• **Problem requirements**:
Your copy of the listing must be exact and must hold no images.
•••
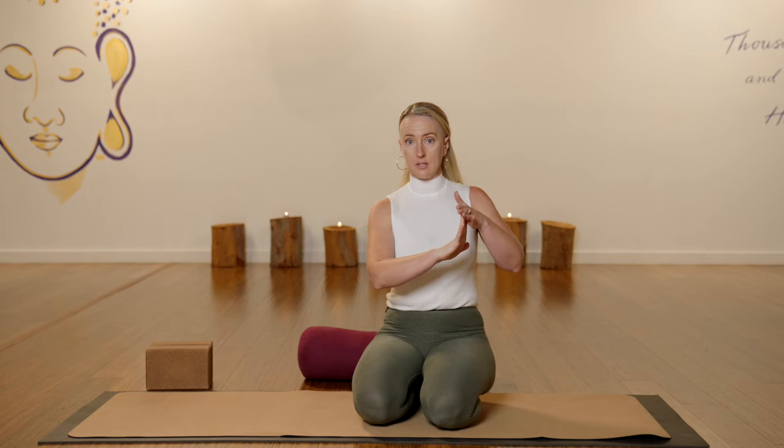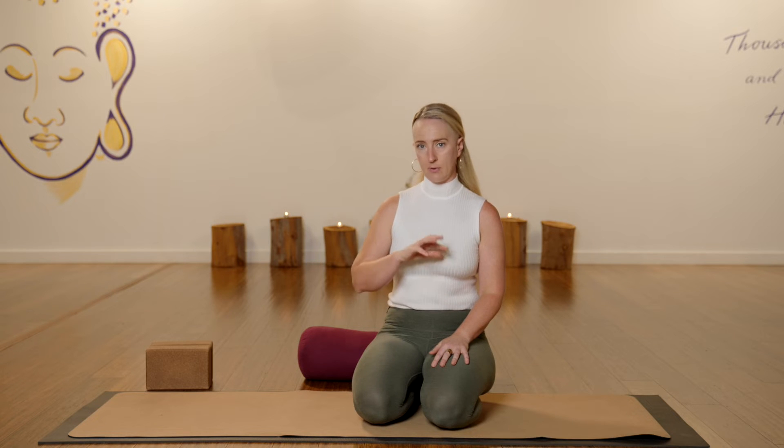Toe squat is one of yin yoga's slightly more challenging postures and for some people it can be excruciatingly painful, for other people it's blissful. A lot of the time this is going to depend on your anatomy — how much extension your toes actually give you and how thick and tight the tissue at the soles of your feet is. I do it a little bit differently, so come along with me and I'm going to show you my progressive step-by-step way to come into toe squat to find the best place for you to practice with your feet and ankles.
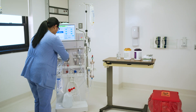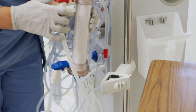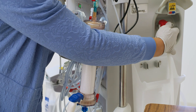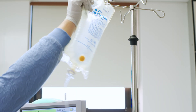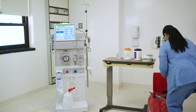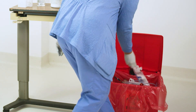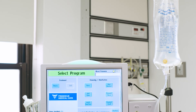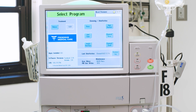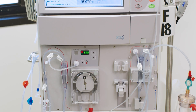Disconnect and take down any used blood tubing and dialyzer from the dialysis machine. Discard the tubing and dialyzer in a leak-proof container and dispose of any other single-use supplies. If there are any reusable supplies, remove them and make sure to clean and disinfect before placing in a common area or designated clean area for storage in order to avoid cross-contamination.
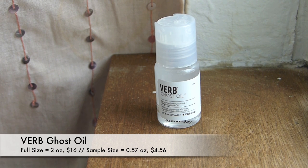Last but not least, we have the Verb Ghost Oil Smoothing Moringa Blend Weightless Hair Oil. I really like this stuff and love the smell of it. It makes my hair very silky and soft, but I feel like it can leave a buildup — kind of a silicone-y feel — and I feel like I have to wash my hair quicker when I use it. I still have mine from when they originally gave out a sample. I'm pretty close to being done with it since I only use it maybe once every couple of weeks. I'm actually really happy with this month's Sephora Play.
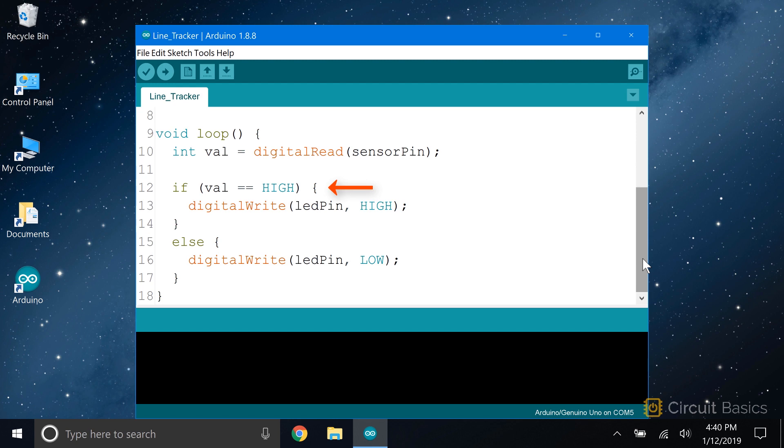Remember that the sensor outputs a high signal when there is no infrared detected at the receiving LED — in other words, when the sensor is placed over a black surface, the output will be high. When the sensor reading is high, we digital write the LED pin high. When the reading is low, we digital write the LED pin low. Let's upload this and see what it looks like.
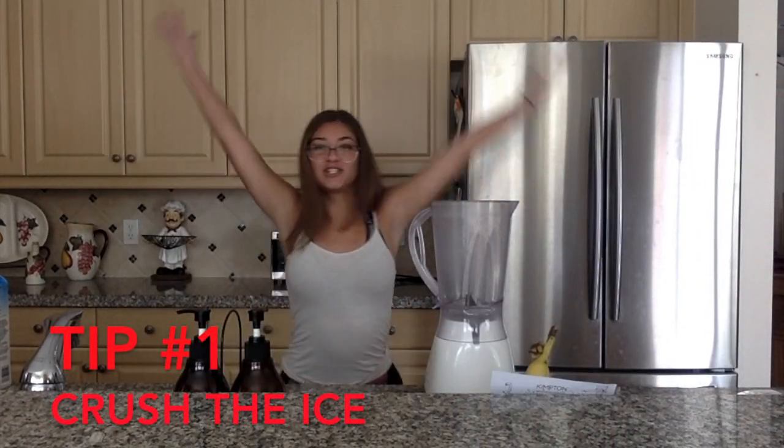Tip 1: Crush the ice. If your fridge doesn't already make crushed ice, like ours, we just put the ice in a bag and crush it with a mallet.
•••
• **Answer to this exercise**:
Toe squat is one of yin yoga's slightly more challenging postures and for some people it can be excruciatingly painful, for other people it's blissful. A lot of the time this is going to depend on your anatomy — how much extension your toes actually give you and how thick and tight the tissue at the soles of your feet is. I do it a little bit differently, so come along with me and I'm going to show you my progressive step-by-step way to come into toe squat to find the best place for you to practice with your feet and ankles.
Disconnect and take down any used blood tubing and dialyzer from the dialysis machine. Discard the tubing and dialyzer in a leak-proof container and dispose of any other single-use supplies. If there are any reusable supplies, remove them and make sure to clean and disinfect before placing in a common area or designated clean area for storage in order to avoid cross-contamination.
Last but not least, we have the Verb Ghost Oil Smoothing Moringa Blend Weightless Hair Oil. I really like this stuff and love the smell of it. It makes my hair very silky and soft, but I feel like it can leave a buildup — kind of a silicone-y feel — and I feel like I have to wash my hair quicker when I use it. I still have mine from when they originally gave out a sample. I'm pretty close to being done with it since I only use it maybe once every couple of weeks. I'm actually really happy with this month's Sephora Play.
Remember that the sensor outputs a high signal when there is no infrared detected at the receiving LED — in other words, when the sensor is placed over a black surface, the output will be high. When the sensor reading is high, we digital write the LED pin high. When the reading is low, we digital write the LED pin low. Let's upload this and see what it looks like.
Tip 1: Crush the ice. If your fridge doesn't already make crushed ice, like ours, we just put the ice in a bag and crush it with a mallet.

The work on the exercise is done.